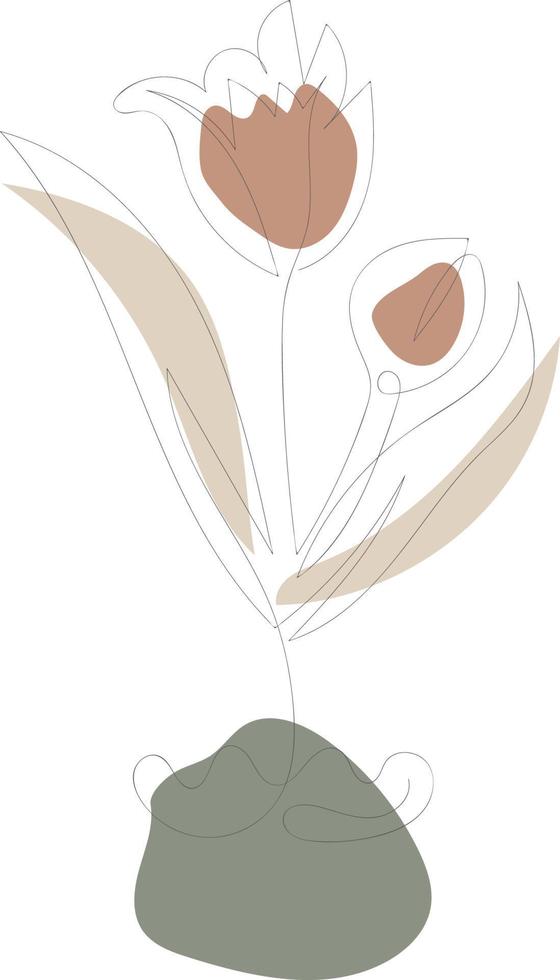 Beautiful hand drawn floral leaves and flowers one line art vector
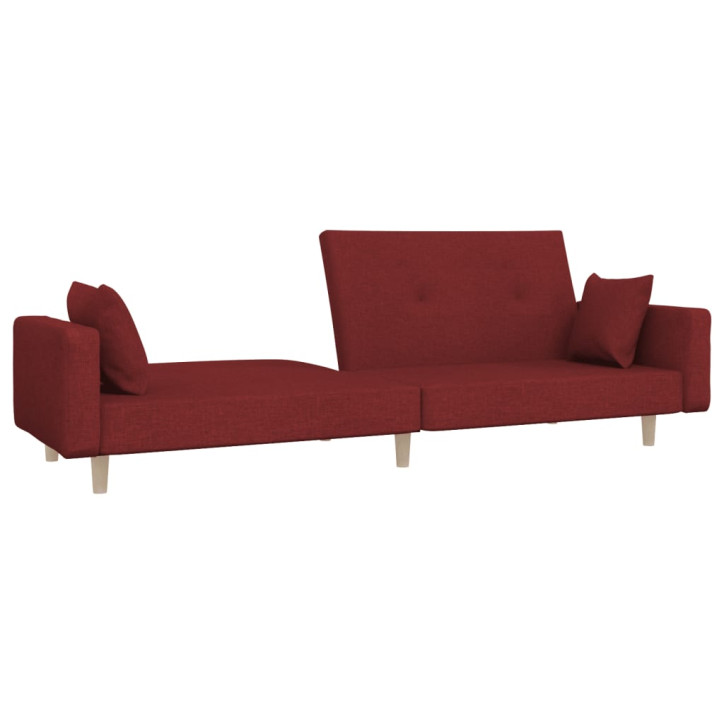 Dvivietė sofa-lova su dvejomis pagalvėmis, vyno, audinys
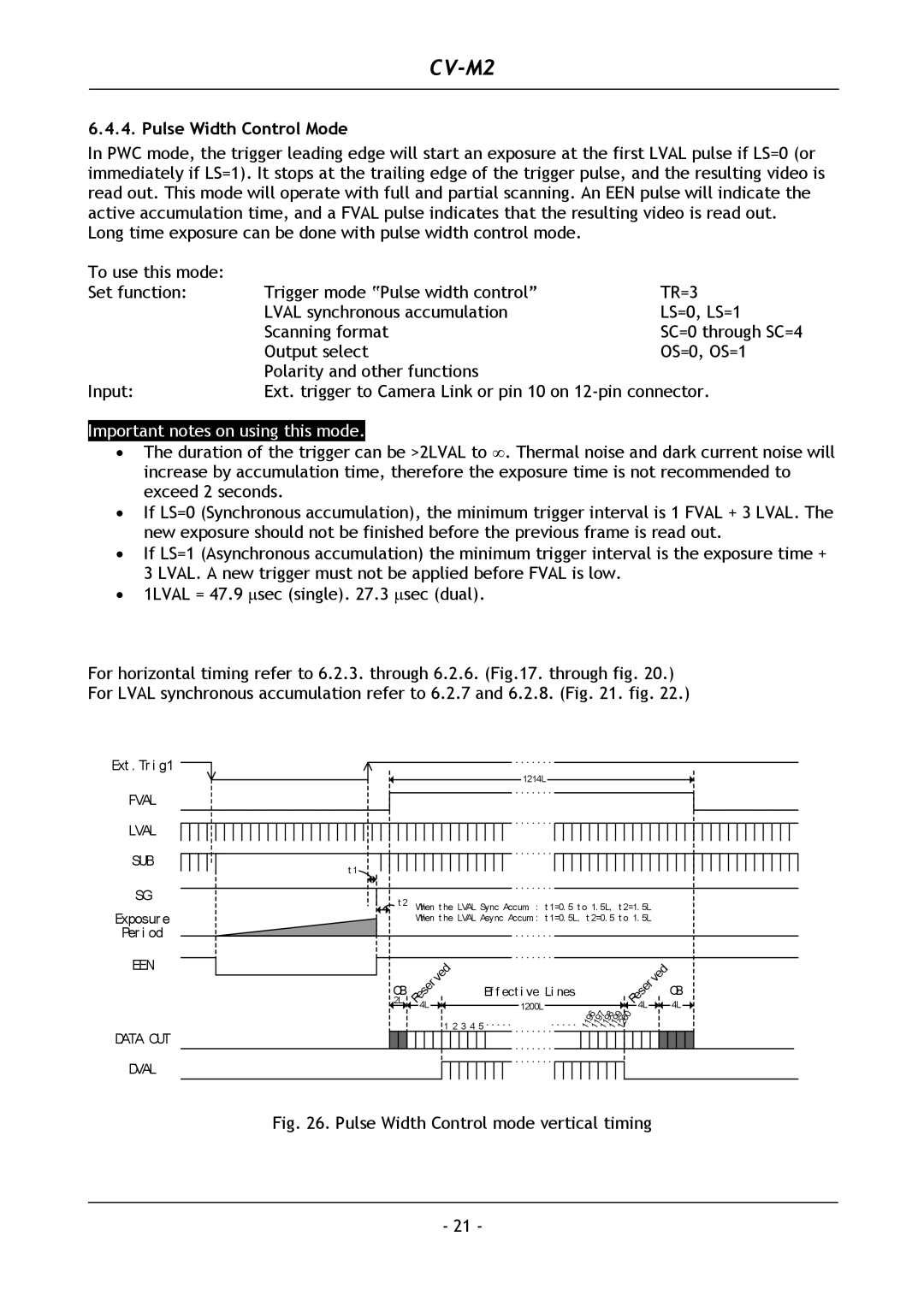 JAI CV-M2 operation manual Pulse Width Control Mode, Pulse Width Control mode vertical timing 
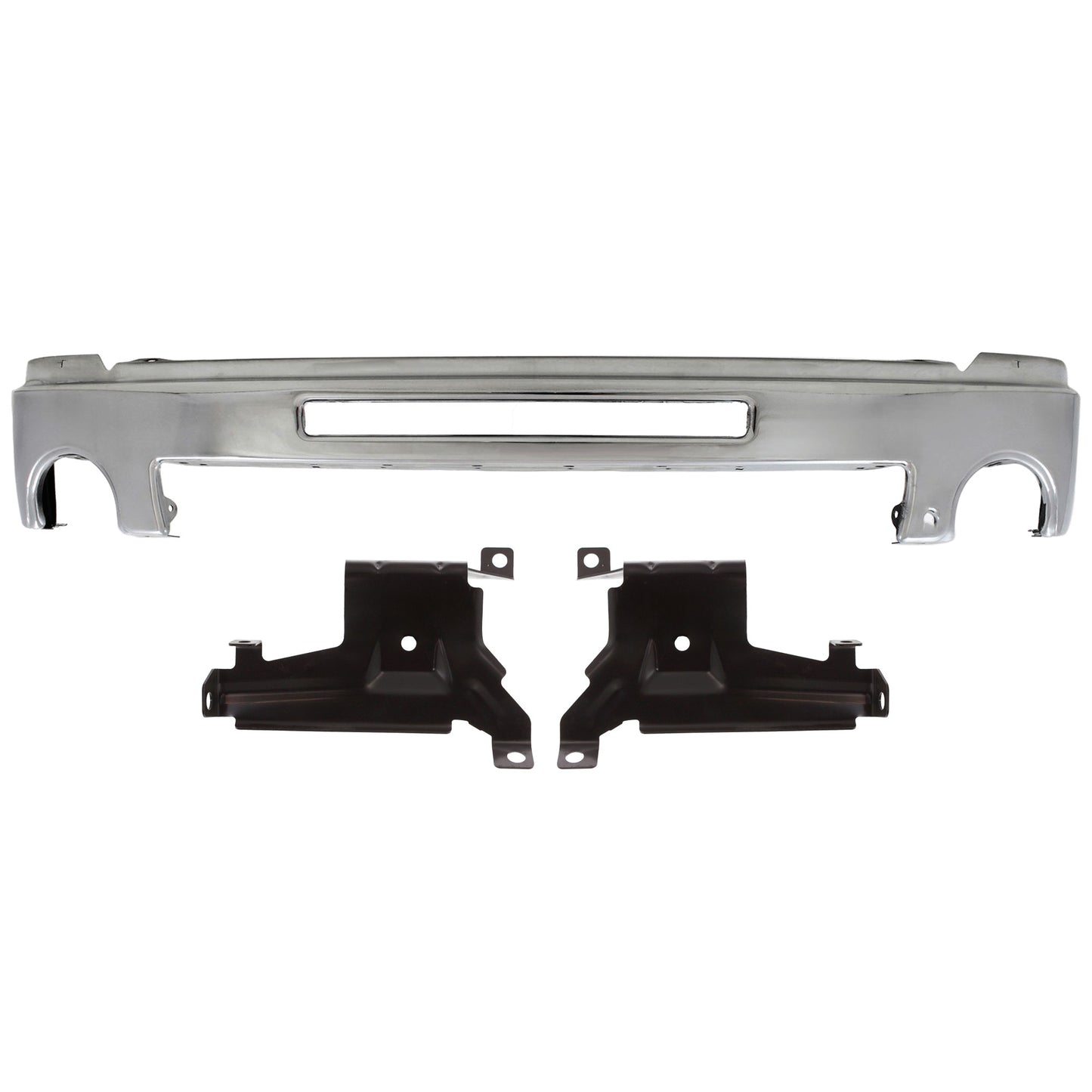 3-Piece Kit, Front Bumper, Chrome, Includes (1) Bumper and (2) Bumper Bracket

⁂

Reproduce the listing word for word and omit its pictures.

 Beautiful hand drawn floral leaves and flowers one line art vector
 Dvivietė sofa-lova su dvejomis pagalvėmis, vyno, audinys
 JAI CV-M2 operation manual Pulse Width Control Mode, Pulse Width Control mode vertical timing 
 3-Piece Kit, Front Bumper, Chrome, Includes (1) Bumper and (2) Bumper Bracket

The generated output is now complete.